Thanks to CMIT extensive experience in the design of sweetening units, including floating applications, the amine circulation rate, the contactor height and the regeneration duty are optimized by proper selection of the amine or blend of amines based on the specific application and by proper design of equipment. CMIT design uses non-proprietary amines.

Gas Dehydration Unit (GDU)

Natural gas extracted from the reservoir usually comes saturated with water. The natural gas shall meet water content specification before being delivered to users by removing excess water. Water removal is accomplished by contacting the gas with a very concentrated triethylene glycol (TEG) solution in a packed column.

CMIT has extensive experience in designing glycol dehydration units for both fixed and floating applications, with optimized glycol circulation rates and contactor heights.

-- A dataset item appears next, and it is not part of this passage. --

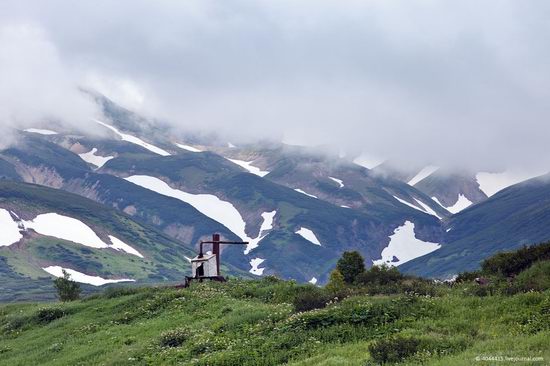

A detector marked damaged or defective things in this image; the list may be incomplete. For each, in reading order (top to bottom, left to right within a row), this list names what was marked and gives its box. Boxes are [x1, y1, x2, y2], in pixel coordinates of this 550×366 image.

rusty metal structure [183, 233, 248, 288]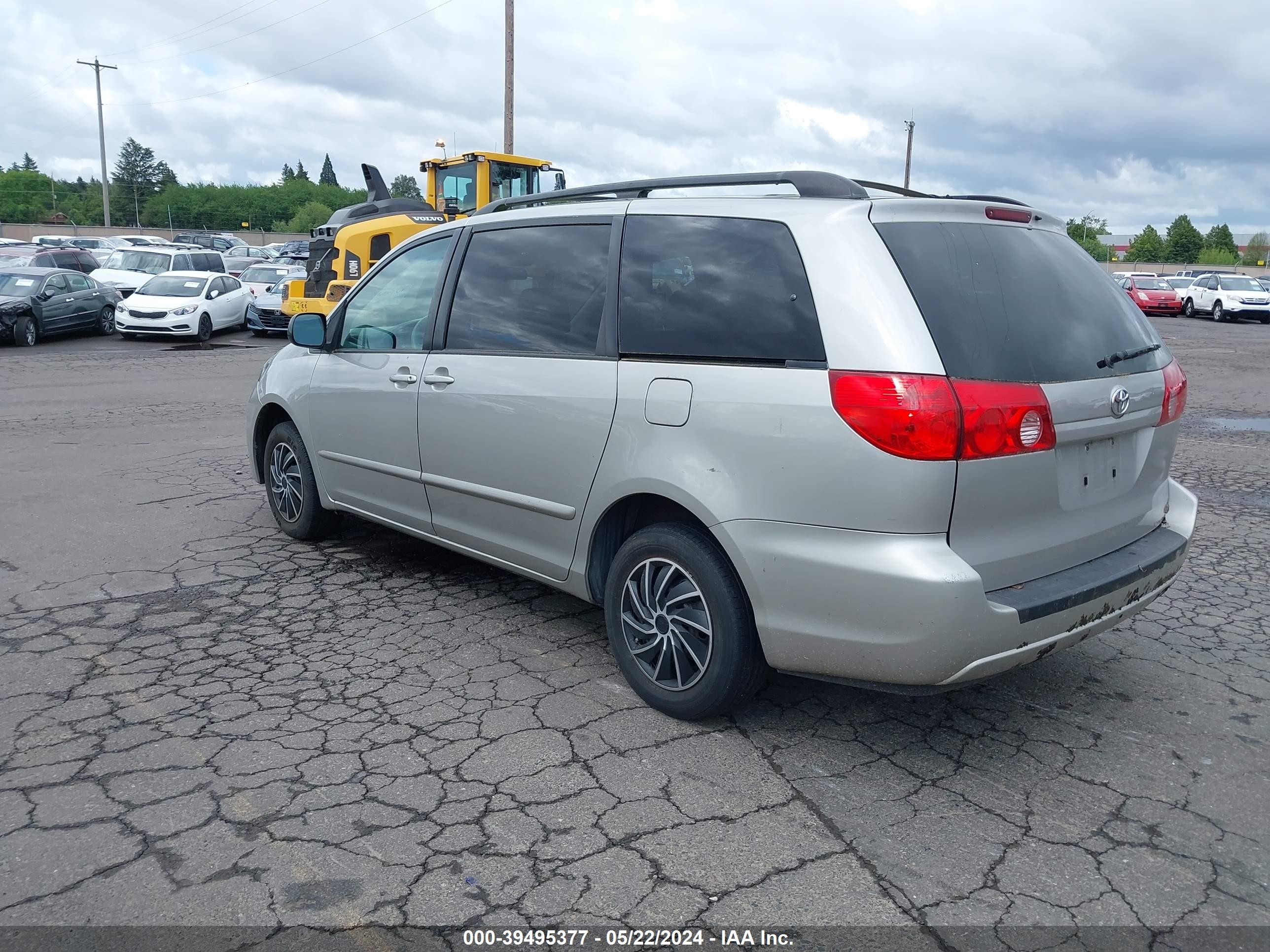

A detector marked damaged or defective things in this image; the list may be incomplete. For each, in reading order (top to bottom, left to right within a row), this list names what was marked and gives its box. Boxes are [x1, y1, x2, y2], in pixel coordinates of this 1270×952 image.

cracked asphalt [0, 323, 1262, 952]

CMIT design guarantees no foaming due to hydrocarbon condensation in the contactor keeping the glycol temperature in the contactor always above the hydrocarbon dew point of the gas.

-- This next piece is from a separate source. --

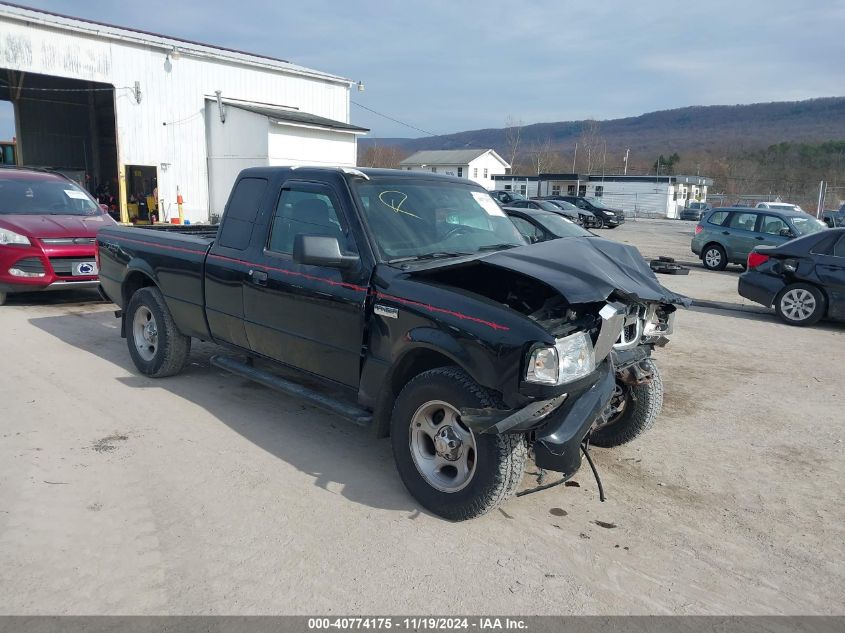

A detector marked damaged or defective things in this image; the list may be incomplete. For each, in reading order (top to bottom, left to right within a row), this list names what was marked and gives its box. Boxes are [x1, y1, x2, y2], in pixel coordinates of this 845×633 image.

crumpled hood [0, 214, 113, 241]
crumpled hood [478, 237, 688, 306]
broken headlight [524, 330, 596, 386]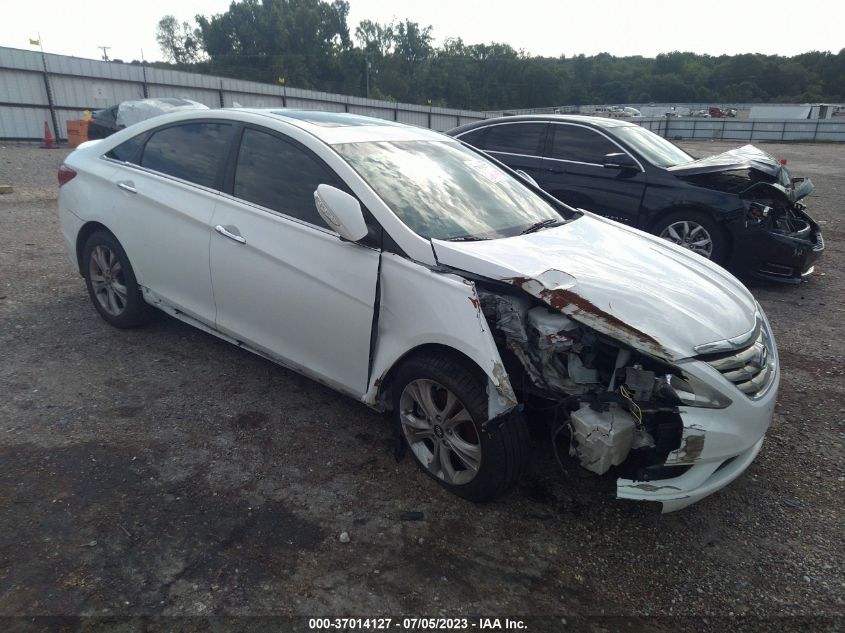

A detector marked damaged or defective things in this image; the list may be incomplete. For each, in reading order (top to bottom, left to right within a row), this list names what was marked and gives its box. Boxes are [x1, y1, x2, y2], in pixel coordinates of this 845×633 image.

MEG Reclaimer (Glyco Reclaiming)

MEG (Monoethylene glycol) is injected into humid natural gas coming from wells to inhibit inline hydrate formation during transportation. Salty water contaminates MEG, so it cannot be recycled back into the process, requiring its replacement and exhausted glycol disposal, increasing the opex of the hydrate inhibition.

CMIT MEG Reclamation process is capable of regenerating the glycol by removing salts and impurities from the mainstream. This can be done by means of a batch process or by a full flow process thanks to innovative design based on film technology. The regenerated glycol can be recycled back into the process, minimizing its replacement and the operating costs.

IBMS

In a view of optimizing the requested performance while granting a higher degree of operational flexibility, CMIT has specifically designed the IBMS / Inline BOG Management System.​

IBMS is designed to optimize the BOG condensation. ​

SULPHUR RECOVERY UNIT

Natural gas extracted from the reservoir may contain H2S and other sulphur components, that must be removed.

Sulphur removal is frequently carried out by contacting the sour gas with chemical solvent (amine) in a trayed or packed column: solvent captures contaminants and the treated natural gas will contain a lower content of H2S and other sulphur components according to delivery specs. The absorbed components are then removed from the solvent by stripping with steam at high temperature and low pressure. The resulting acid gas stream is rich of H2S and CO2. Most Sulphur Recovery Units are based on the Claus process, in which approximately one third of the H2S is thermally oxidized to SO2 and then the remaining H2S reacts catalytically with the SO2 to form elemental sulphur. The sulphur is then condensed and recovered from the gas stream. The tail gas can be either incinerated directly or can be subjected to additional treatment to enhance sulphur recovery and reduce SO2 emissions.

CMIT can develop detailed designs of Claus units based on basic design supplied by clients.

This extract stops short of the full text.